(Given information)

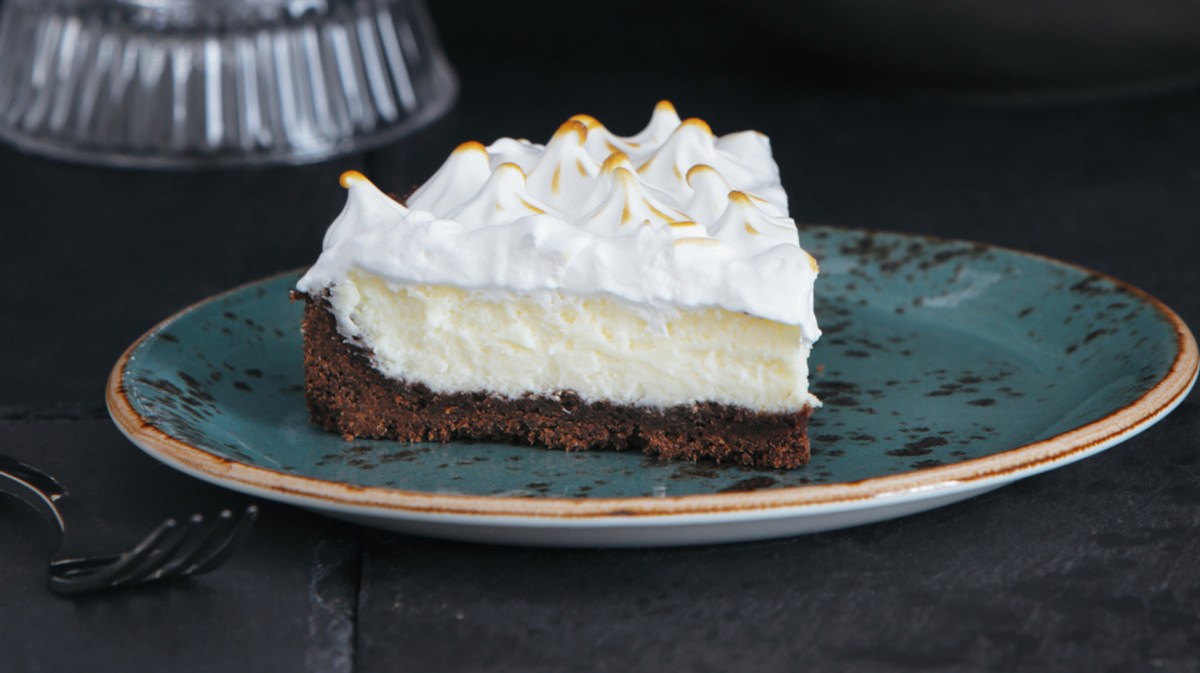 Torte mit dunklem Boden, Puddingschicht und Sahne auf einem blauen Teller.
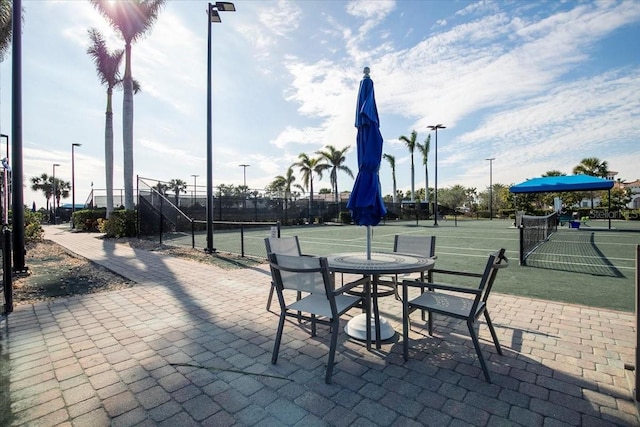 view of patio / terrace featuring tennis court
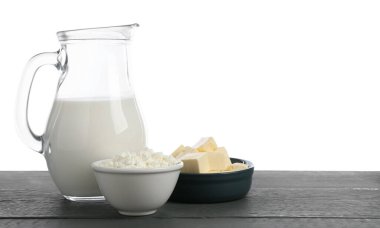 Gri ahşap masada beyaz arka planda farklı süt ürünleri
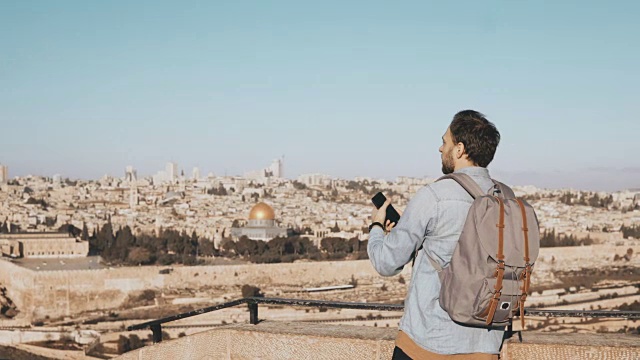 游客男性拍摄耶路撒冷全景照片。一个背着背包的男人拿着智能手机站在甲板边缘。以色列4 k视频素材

(What the task requires) Would you print all of the material exactly as written, minus the pictures?

(Finished task)
 Torte mit dunklem Boden, Puddingschicht und Sahne auf einem blauen Teller.
 view of patio / terrace featuring tennis court
 Gri ahşap masada beyaz arka planda farklı süt ürünleri
 游客男性拍摄耶路撒冷全景照片。一个背着背包的男人拿着智能手机站在甲板边缘。以色列4 k视频素材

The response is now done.